Silk Rugs Maintenance
- Protect your silk carpet from heavy use and soiling. A silk carpet is a luxury and should be treated accordingly.
- Lightly vacuum as needed. Avoid catching the fringe in the vacuum.
- Inspect your carpet regularly for wear and damage. By turning the carpet frequently, regulate its use to evenly distribute wear.
- If the carpet has sustained structural damage such as holes through the carpet, worn pile, or tattered fringes and edges contact an Oriental rug repair specialist.
- If your carpet becomes stained follow these instructions:
- Work fast.
- Blot up excess spill using paper towels or a clean cloth. Do not rub the affected area.
- If the area is not stained, dry it with a fan or hair blower. Restore the pile's direction with a clothes brush.
- If the area has borne a stain, contact an Oriental rug repair specialist.

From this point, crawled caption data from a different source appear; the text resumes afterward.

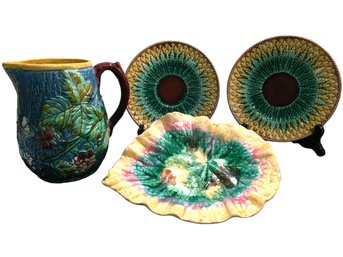 Majolica Pitcher And Plates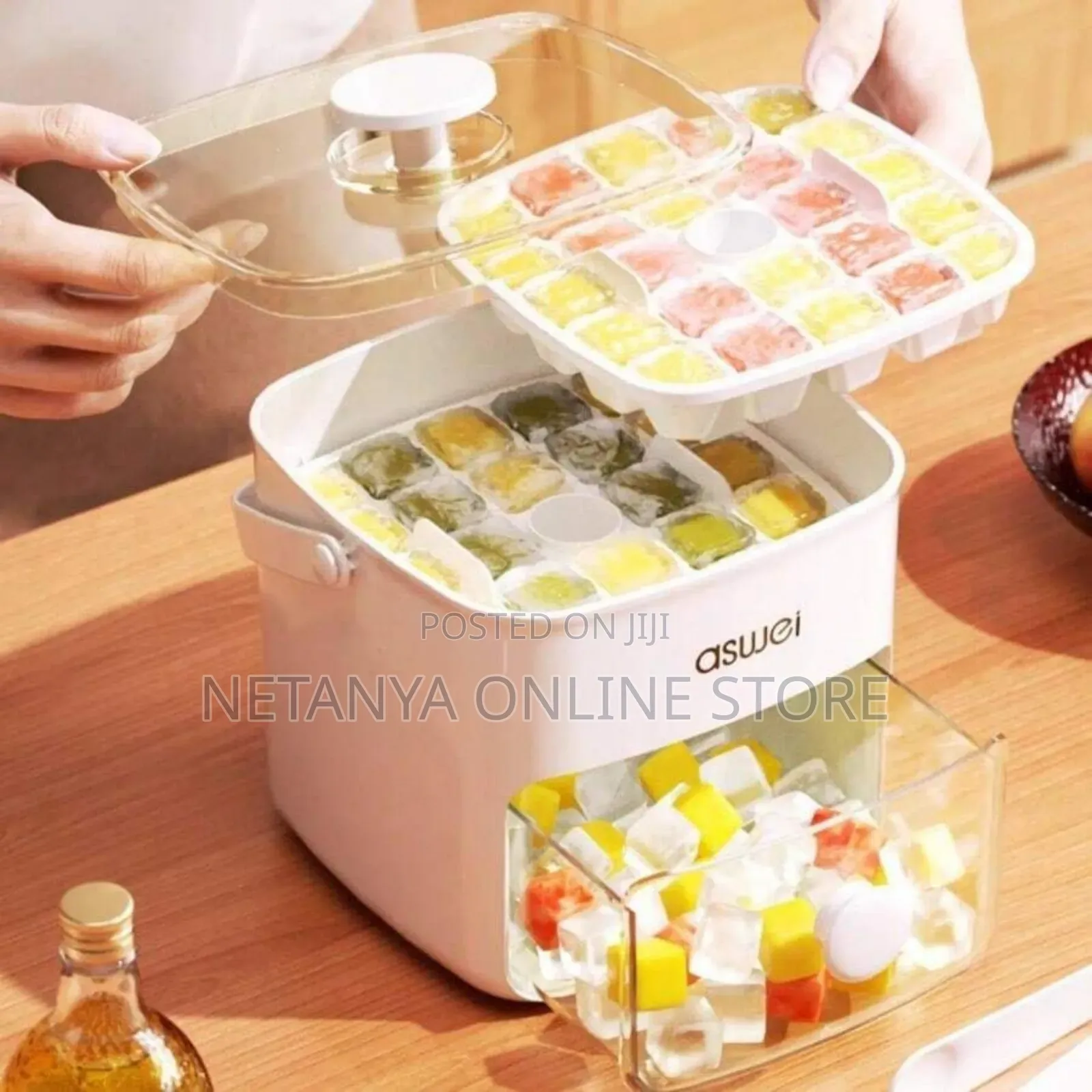 One Press Ice Cube Box and Tray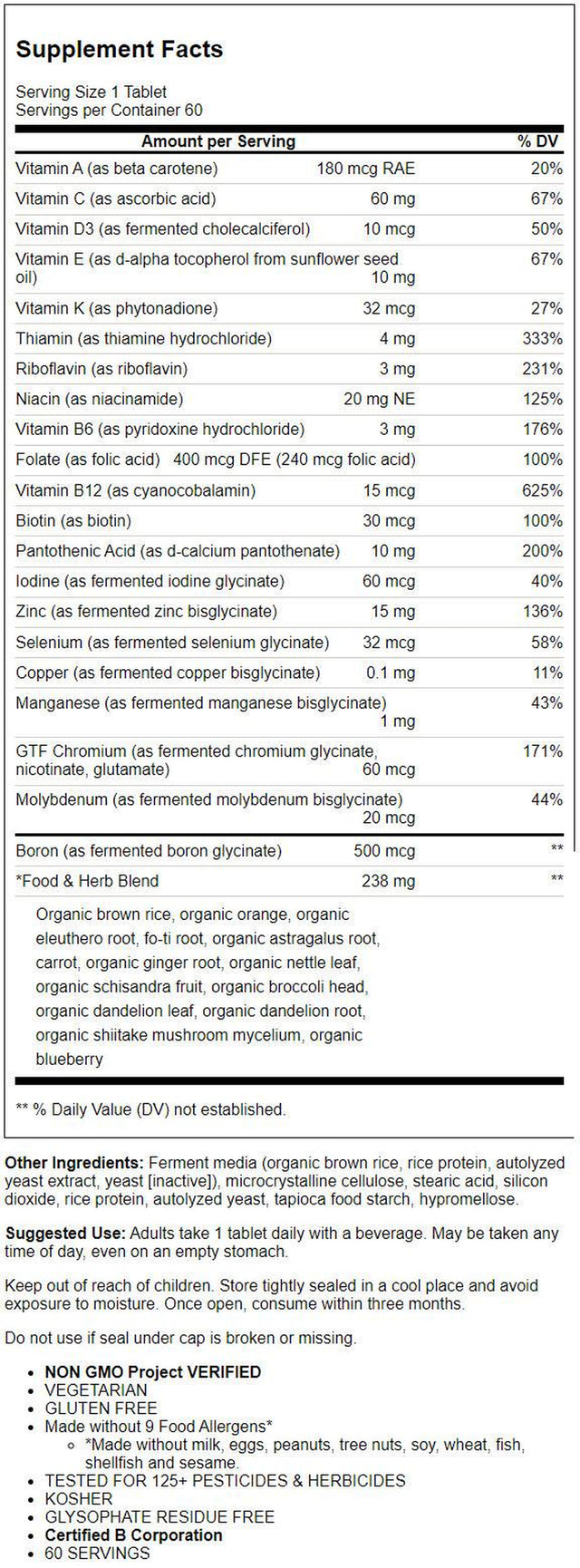 Megafood Men'S One Daily Multivitamin 60 Tabs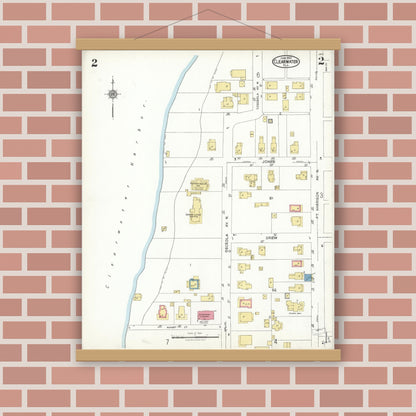 Old map wall art mockup — magnetic wood frame on brick wall — Sanborn Fire Insurance Map from Clearwater, Pinellas County, Florida (1923), Sheet #0002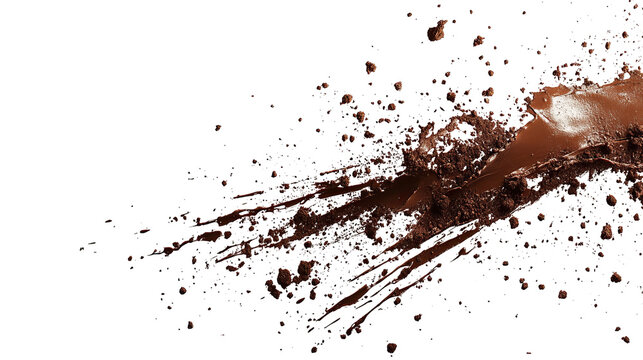 Fluid brown splash with small particulate matter against a stark black background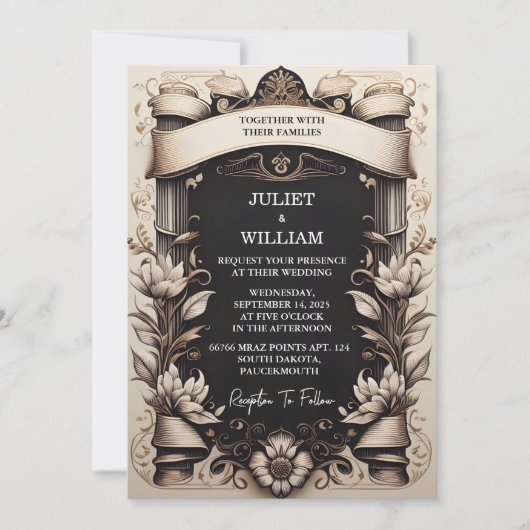 Touch Papyrus Retro Vellum Overlay Bruiloft Kaart (Voorkant)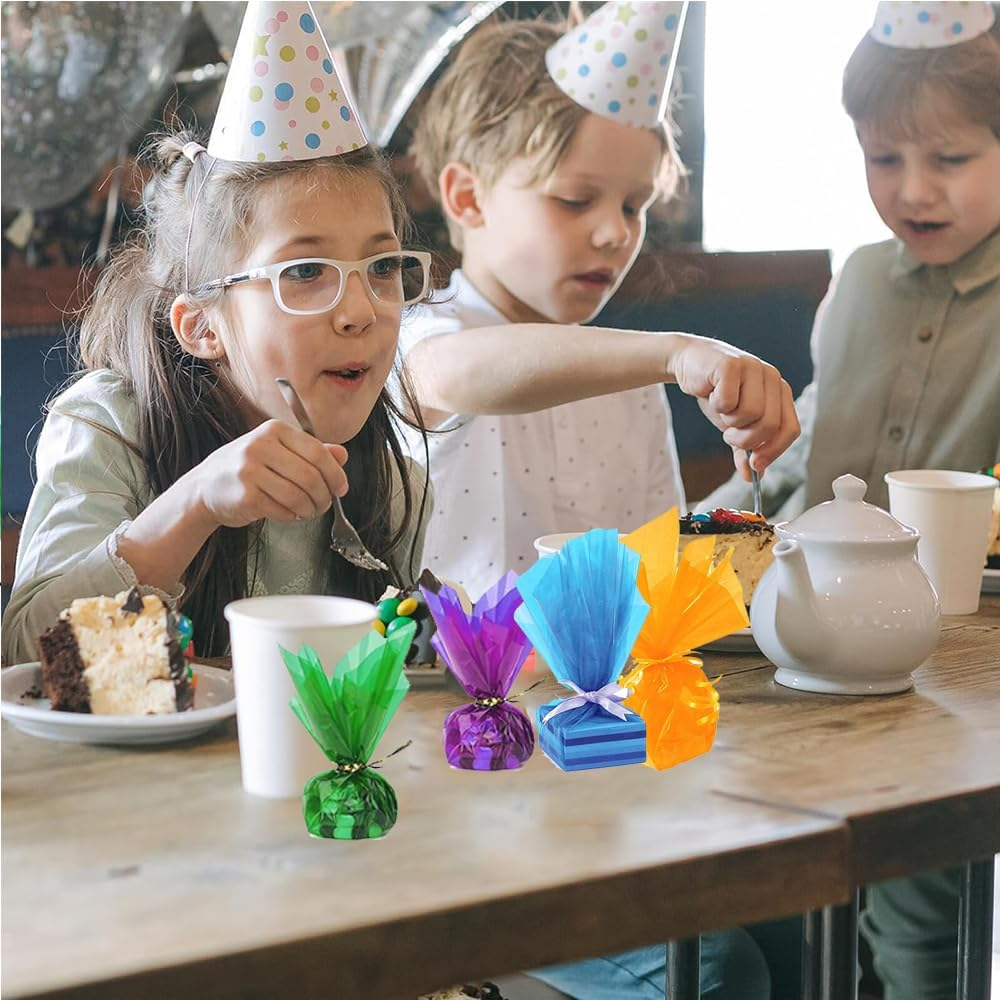 160Pcs Colorful Cellophane Sheets &ndash; 8 Vibrant Colors, 7.5X7.5 Inch Transparent Plastic Wrap for DIY Crafts, Gift Wrapping, Christmas & Valentine Decorations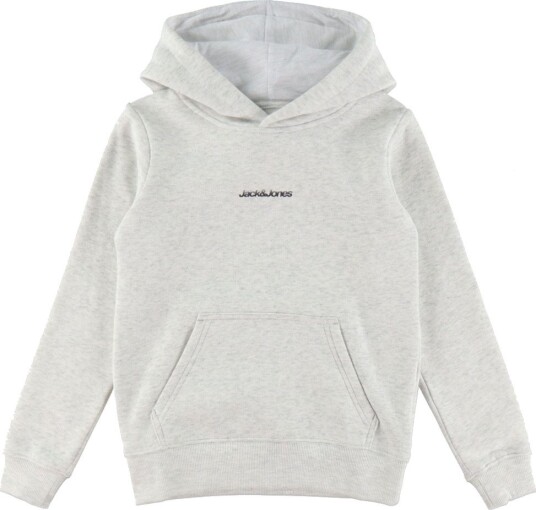 Jack & Jones Hettegenser JcoEcho Light Grey Melange m. Trykk Jack & Jones 12 år (152) Hettegenser Grå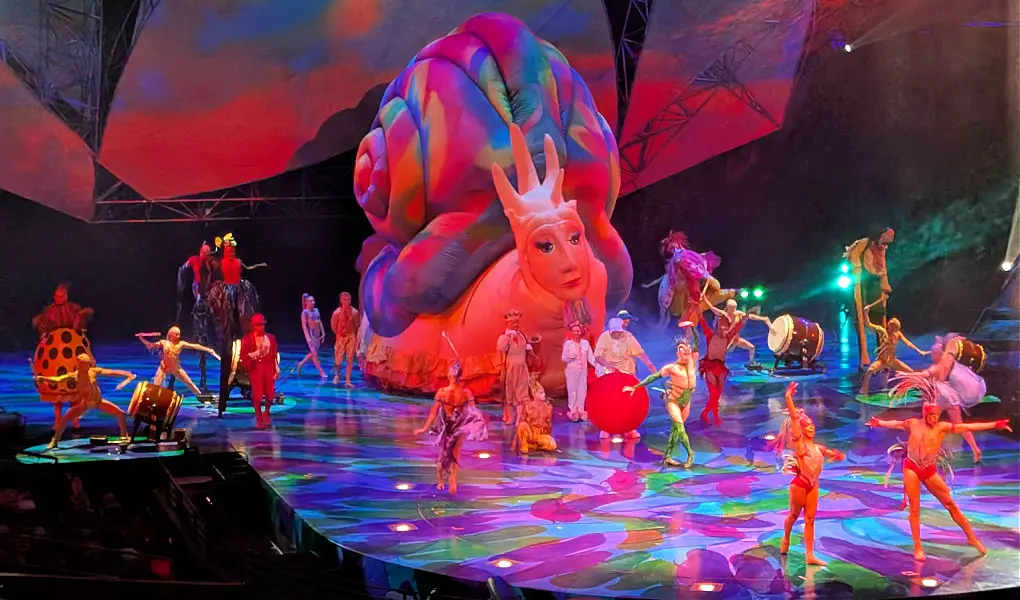 Cirque du Soleil performers on stage at Treasure Island in Las Vegas performing Mystère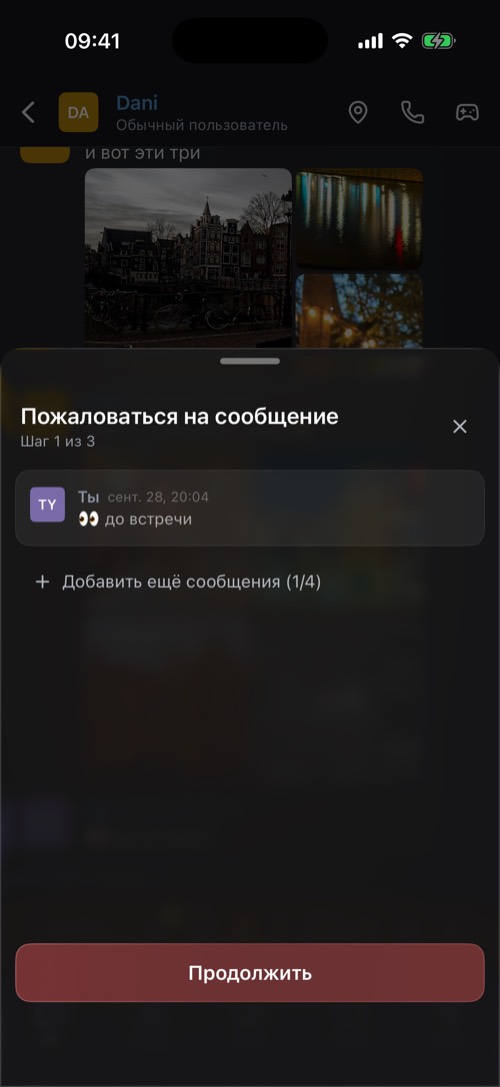 Окно «Пожаловаться на сообщение» с сообщением для жалобы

"You want to look for basically the same thing you would in buying carpet," summarizes Barbra Wilson, technical information manager for the Carpet and Rug Institute. Wilson makes these suggestions: Look for rugs that feature a dense construction. You don’t want to see your floor, or carpet, easily through the fiber. Choose a shorter pile for a high‐traffic area; a taller pile height for a low‐traffic area. Make sure to secure the rug so that it does not slide. There are two kinds of nonskid mats: One for hard surfaces, such as hardwood floors or linoleum; and one for rugs on top of carpet. If you’re using an area rug as the focal point of a room, consider buying a rug with a medallion shape in the center. Repetitive patterns are better for floors in front of fireplaces or bay windows. Simpler patterns contrast well with ornate wallpaper or furniture upholstery. Feel free to have two different patterns of area rug in the same room, as long as the patterns complement each other. Bring samples of wallpaper or paint when shopping for new area rugs. Interior designers suggest three basic methods of decorating with area rugs: The focal point method (use of an eye‐catching rug as the foundation of your interior for rooms with relatively neutral decor); the accessory method (use of a delicately patterned rug as an accessory to a busy interior, with colors that blend well with existing paint, furniture, and other design elements); and the practical method (use of darker colors and sturdier fabrics for high‐traffic areas, lighter colors for an open an airy look, deeper colors for a cozier feel, etc.). Large area rugs go well in living rooms, kitchens, and large bedrooms, while smaller area rugs work best in foyers, hallways and bathrooms. Rugs placed under tables should be larger than the table itself, ideally with an equal amount of border showing on all sides.